- [BRIEF] Repeat the listing exactly, line by line, and leave the pictures behind.

- [RECORDED DATA]
--------

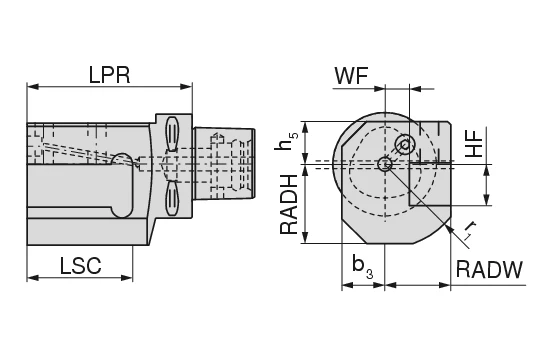 CoreLine – Square section adapter, single face | CERATIZIT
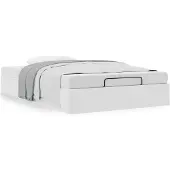 Syfax Ottoman-Bett ohne Matratze Weiß 120x200 cm Kunstleder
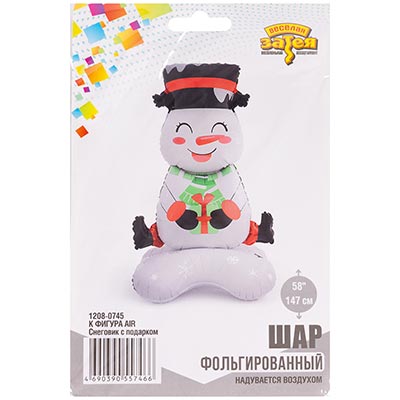 Шарики из фольги К ФИГУРА AIR Снеговик с подарком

--------

- [WRITTEN ANSWER]
 CoreLine – Square section adapter, single face | CERATIZIT
 Syfax Ottoman-Bett ohne Matratze Weiß 120x200 cm Kunstleder
 Шарики из фольги К ФИГУРА AIR Снеговик с подарком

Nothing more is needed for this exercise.